Tuesday, February 26, 2008

The College Clubber: A Horrifying Combo

The trendy flavor for this week is the College Clubber. You know who I am talking about, and honestly, theres a good chance its probably you. Im not one to pass judgement (lie) but after being handed 1393848 fliers while walking to classes and being subjected to 2928348438 facebook pictures of dudes throwing gang signs inside clubs while surrounded by mediocre chicks, I had to speak out. Consider it my intervention party.
Enough is enough, though. Just because you go to the same spot 6 nights a week and know the bartenders by name, I am supposed to belive it when you say your living the good life? I've tried the clubbing game. All I found was the same thing over and over. Dudes with dark hair and dark, fake tans pounding it followed closely by ravenous looking girls who look great after a 12 pack of High Life but probably resemble Rosie O'Donnell the next morning. Yet somehow, these people never seem to get sick of it. They seem to thrive inside this little bubble they have created where they are celebrities in their minds because they can go out and mingle at nice looking bars.

Come on jackasses, ANYONE could get into the VIP section at ANY bar. Just because your doing it doesent mean everyone else should.

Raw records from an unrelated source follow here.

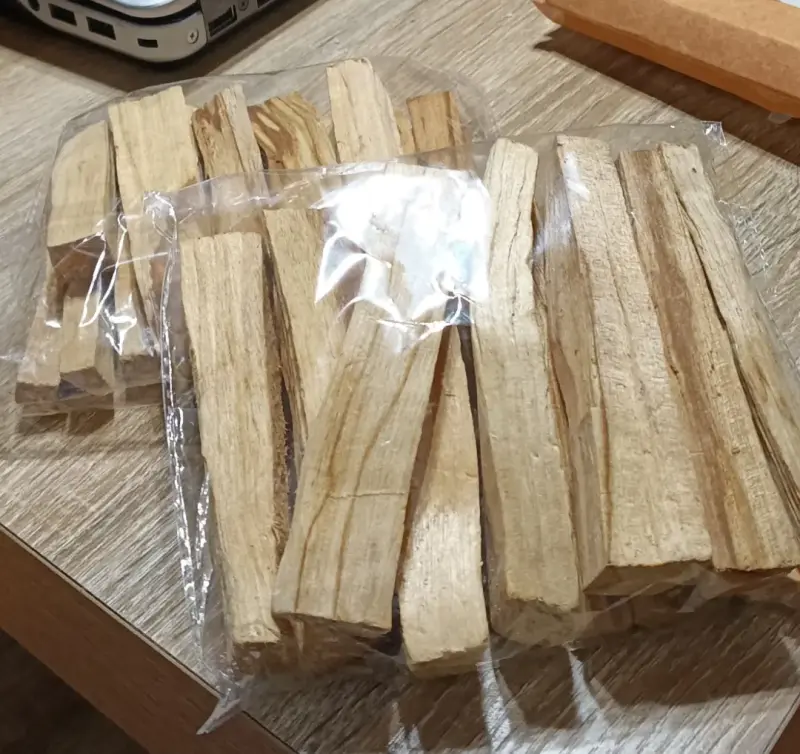Palo Santo en Trozos para Aromaterapia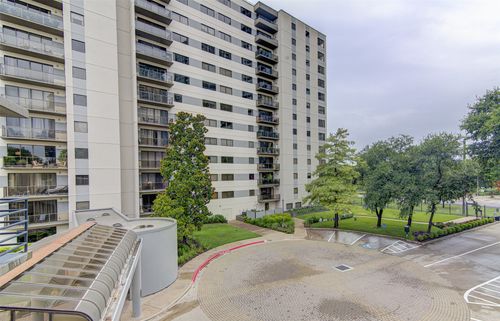 pa1-40 N Interstate 35, Austin, TX, 78701-4380 | Card Image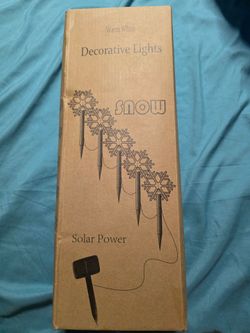 Solar Snowflake Landscape Lights (5 Pack) - Warm White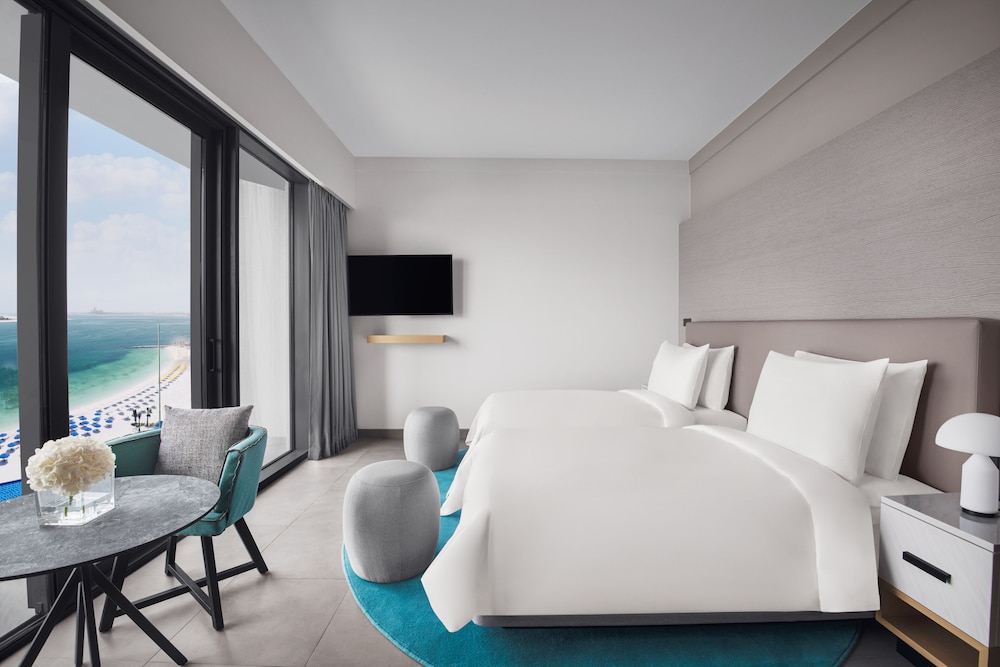 Deluxe Beach and Pool Twin Room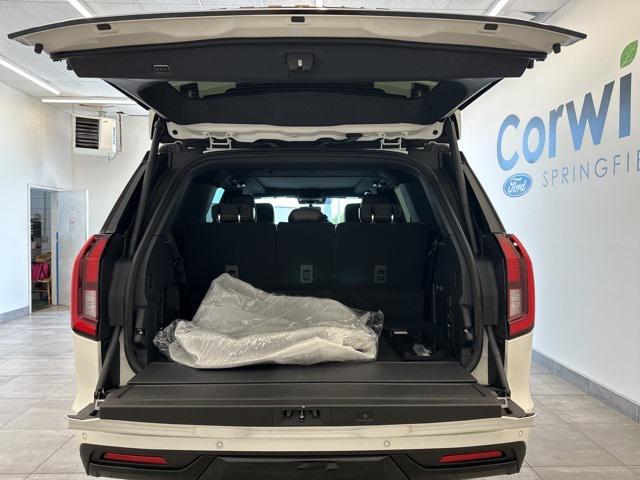 new 2025 Ford Expedition car, priced at $84,020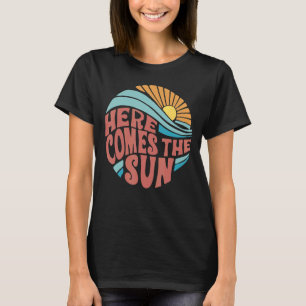 Camiseta Aqui Vem A Praia Da Família Sun Retro Summer Vibe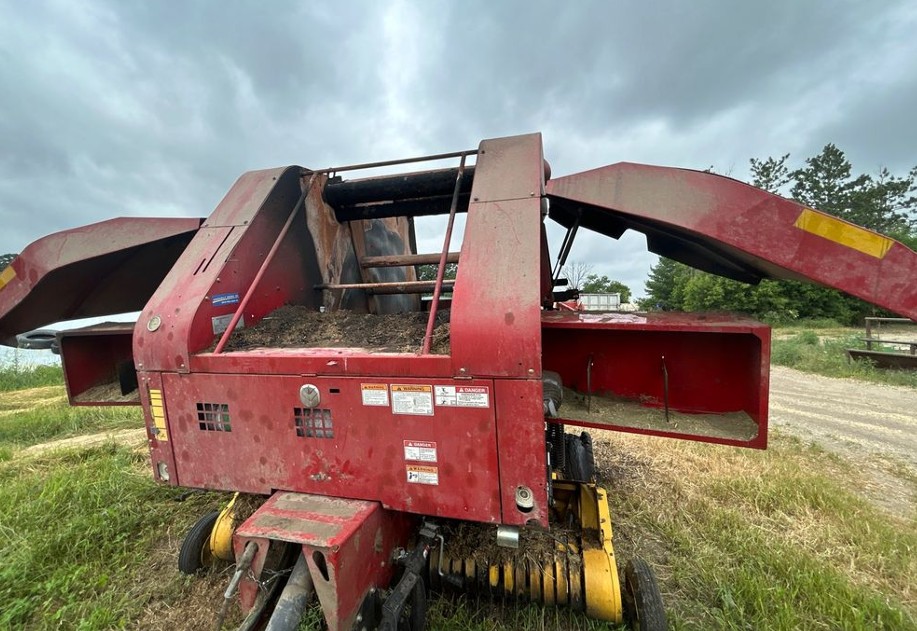2012 New Holland BR7070 Baler - Image 10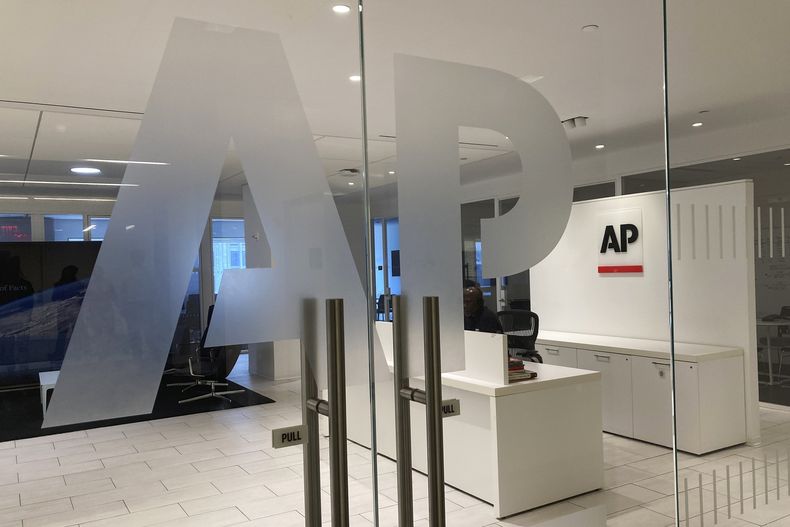 El logo de The Associated Press en la entrada de la agencia, el 13 de julio de 2023, en Nueva York. (AP Foto/Aaron Jackson, Archivo)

Believe me, you can spit as many Kanye West and Jay Z lyrics out and talk about how big a pimp you are all night long, but the next morning, Im certain your getting into your car, pumping up the Fray and crying over the tab you ran up buying Layla, the Staten Island girls drinks only to see her go off with your friend Tito. Its ok, though, Im sure theyres 7,000 other Persian twentysomethings with daddys credit card looking to be your clubbing body and tan with you, I promise.